Kooan: I’m not sure why they show a closeup of a string in his hair. I guess it’s supposed to be funny. Ok. Ha. Ha. He’s very melodramatic with Tim on walkthrough, doing a massive inhale; I think Tim was afraid he was having a seizure. He wants to make a sweater dress, weave the sweater out of orange twizzlers. But Twizzlers aren’t long enough. What, he couldn’t tell that from seeing them in the bag? He tries to glue them together. Nope. There is such a thing as rope licorice which would work for this idea, but he either didn’t see it or doesn’t really care about it, so he makes a Minnetonka Moccasin with a tugboat line on the back. There is a bib piece made out of woven Twizzlers, but mostly it’s a glue-shit-to-muslin-and-call-it-transformation Pocahontas dress. As with Buffi, though it isn’t anything I can even appreciate, it’s not bad, and it is what the challenge called for. He uses many different kinds of candy, including cotton candy which shriveled up overnight, leaving the dress with no skirt. But he made it work, sort of. I think it’s uglier than Buffi’s dress, but it is covered in candy. It’s pure Kooan. Hey Dylan – you complained that Ven only used two kinds of candy – Kooan used everything in the store. You want to put this in your window?

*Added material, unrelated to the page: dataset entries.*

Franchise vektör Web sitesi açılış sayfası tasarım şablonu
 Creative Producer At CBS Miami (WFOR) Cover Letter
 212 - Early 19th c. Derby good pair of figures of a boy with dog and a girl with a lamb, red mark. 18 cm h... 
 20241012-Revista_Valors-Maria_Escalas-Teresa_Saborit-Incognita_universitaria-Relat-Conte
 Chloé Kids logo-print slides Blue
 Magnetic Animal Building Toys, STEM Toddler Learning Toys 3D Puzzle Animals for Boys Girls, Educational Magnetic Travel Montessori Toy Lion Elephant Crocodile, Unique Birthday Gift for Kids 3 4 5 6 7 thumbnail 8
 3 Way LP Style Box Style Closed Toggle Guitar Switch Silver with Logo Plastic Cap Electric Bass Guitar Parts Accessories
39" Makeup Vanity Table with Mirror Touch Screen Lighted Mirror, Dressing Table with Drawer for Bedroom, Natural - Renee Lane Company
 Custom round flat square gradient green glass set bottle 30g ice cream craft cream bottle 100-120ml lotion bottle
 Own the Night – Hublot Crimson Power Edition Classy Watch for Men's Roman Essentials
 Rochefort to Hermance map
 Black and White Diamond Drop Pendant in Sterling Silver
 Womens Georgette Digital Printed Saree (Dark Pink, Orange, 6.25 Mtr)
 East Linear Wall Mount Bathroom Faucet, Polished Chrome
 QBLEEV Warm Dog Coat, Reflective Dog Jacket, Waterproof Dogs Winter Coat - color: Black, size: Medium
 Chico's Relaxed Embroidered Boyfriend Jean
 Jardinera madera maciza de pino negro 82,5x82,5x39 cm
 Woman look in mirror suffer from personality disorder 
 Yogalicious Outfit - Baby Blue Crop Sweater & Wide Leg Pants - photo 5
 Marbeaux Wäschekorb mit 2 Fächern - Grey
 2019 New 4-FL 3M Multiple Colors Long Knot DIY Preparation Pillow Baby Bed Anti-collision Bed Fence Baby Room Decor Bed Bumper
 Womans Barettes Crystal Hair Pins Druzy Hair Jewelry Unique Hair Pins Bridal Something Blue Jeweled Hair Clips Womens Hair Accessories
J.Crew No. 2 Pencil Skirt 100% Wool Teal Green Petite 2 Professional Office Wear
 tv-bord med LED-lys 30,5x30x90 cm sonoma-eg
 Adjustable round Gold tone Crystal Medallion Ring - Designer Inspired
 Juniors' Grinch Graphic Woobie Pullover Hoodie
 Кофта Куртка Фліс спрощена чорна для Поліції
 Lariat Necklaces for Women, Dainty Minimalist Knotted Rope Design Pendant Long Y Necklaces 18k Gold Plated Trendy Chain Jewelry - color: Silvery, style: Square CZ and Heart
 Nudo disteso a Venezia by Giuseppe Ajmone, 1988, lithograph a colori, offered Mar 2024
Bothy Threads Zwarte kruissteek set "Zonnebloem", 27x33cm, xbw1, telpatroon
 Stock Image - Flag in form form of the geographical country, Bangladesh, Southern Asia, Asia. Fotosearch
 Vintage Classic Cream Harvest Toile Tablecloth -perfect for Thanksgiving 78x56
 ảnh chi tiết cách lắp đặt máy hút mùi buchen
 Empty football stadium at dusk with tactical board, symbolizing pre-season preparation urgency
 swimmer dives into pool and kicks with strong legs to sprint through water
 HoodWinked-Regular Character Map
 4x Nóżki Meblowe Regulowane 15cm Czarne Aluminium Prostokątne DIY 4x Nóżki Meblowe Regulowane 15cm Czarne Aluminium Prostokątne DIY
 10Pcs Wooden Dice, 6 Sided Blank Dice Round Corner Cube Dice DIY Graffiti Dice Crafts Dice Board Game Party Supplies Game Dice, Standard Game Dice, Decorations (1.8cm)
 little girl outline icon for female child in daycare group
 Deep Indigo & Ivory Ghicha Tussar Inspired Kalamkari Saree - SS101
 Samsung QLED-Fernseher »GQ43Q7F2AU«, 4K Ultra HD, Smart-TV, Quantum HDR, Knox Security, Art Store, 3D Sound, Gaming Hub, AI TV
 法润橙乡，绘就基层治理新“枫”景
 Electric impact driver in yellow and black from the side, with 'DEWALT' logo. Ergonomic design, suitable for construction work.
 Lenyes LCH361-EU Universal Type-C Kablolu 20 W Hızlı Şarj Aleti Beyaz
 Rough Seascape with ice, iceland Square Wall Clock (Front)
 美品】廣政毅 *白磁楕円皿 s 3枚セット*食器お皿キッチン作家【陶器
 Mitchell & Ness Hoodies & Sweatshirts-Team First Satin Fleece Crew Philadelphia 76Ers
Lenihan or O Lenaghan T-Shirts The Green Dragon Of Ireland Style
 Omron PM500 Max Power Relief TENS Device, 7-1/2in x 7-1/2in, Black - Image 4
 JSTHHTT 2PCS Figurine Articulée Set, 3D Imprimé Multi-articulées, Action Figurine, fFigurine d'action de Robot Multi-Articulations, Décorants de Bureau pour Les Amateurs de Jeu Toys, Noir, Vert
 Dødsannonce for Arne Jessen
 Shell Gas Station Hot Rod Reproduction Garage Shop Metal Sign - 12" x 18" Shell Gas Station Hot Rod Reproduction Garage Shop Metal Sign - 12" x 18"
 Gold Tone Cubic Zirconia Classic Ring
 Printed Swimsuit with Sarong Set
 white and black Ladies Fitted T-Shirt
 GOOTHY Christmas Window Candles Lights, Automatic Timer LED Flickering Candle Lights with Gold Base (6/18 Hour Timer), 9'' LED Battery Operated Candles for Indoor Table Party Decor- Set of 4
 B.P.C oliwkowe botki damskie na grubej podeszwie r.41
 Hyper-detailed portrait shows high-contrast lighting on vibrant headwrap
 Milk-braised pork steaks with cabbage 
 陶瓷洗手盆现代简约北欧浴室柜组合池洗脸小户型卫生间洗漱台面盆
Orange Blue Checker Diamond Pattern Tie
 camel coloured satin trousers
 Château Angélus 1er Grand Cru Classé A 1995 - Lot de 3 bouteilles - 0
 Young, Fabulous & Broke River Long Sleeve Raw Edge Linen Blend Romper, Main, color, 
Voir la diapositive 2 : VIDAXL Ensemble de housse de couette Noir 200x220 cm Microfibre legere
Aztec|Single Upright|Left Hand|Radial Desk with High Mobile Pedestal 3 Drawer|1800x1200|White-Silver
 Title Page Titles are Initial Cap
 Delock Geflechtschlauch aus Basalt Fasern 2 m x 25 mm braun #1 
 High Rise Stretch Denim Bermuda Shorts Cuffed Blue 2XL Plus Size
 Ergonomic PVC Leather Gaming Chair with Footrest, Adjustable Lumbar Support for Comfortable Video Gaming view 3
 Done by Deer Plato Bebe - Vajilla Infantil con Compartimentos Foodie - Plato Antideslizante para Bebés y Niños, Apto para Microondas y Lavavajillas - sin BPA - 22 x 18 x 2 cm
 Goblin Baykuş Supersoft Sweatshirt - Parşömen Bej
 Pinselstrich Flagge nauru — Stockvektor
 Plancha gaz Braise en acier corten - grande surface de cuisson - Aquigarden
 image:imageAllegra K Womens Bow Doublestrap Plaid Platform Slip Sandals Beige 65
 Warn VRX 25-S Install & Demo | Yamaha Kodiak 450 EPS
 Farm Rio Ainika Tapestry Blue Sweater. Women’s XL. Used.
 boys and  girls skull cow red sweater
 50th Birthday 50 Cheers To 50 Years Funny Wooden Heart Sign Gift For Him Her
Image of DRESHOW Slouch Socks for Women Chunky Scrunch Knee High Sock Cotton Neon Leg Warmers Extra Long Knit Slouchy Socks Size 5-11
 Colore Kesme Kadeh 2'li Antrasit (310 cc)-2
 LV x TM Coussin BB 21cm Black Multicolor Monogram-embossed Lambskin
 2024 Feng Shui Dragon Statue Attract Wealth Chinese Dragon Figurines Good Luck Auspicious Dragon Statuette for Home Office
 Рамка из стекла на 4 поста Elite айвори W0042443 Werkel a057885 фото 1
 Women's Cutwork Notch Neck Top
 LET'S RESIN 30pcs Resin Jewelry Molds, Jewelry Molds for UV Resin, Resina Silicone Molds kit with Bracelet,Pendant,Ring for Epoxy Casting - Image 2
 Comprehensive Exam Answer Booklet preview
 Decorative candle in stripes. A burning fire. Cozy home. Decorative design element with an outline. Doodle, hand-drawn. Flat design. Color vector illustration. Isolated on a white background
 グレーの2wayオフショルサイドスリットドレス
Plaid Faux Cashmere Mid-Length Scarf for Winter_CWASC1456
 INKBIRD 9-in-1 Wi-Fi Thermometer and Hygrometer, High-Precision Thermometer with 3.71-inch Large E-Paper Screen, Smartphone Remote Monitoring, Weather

Melissa: She was pretty much MIA this episode. She turned out a black leather cropped tank and skirt which, if it were made out of fabric would be pretty awful, but considering it’s made out of candy, is really kind of cool. The licorice-and-silver lacing caught Tim’s eye on walkthrough; the leather of the tank is, I don’t know, licorice or fruit leather? I think there’s an overvest of string licorice. Construction-wise, it’s quite intricate, so it’s too bad it looks meh.
Nathan: I’m beginning to wonder if we’ll ever hear anything from Nathan. In any event, he made a lampshade skirt and halter top that would be easy to poke fun at if it weren’t so damn pretty. Ok, it doesn’t move when she walks, the skirt rests on her hips kind of funny, but damn, it’s pretty in the picture. The model has a perfect “Can you believe he’s making me wear this?” look on her face, but damn, it’s pretty.
Raul: He started with the concept of a modern Jackie O Chanel suit using smashed rock candy as texture. Tim’s flabbergasted that his blue “fabric” is candy. So am I; I’m not sure what it is, but I’m betting it’s shit glued on muslin. It looks like a pretty good crop top and skirt. The back is much more interesting than the front, especially the closure. Jackie O would never wear it, but for the time he had, not a bad homage (pronounced “oh-MAHJ”).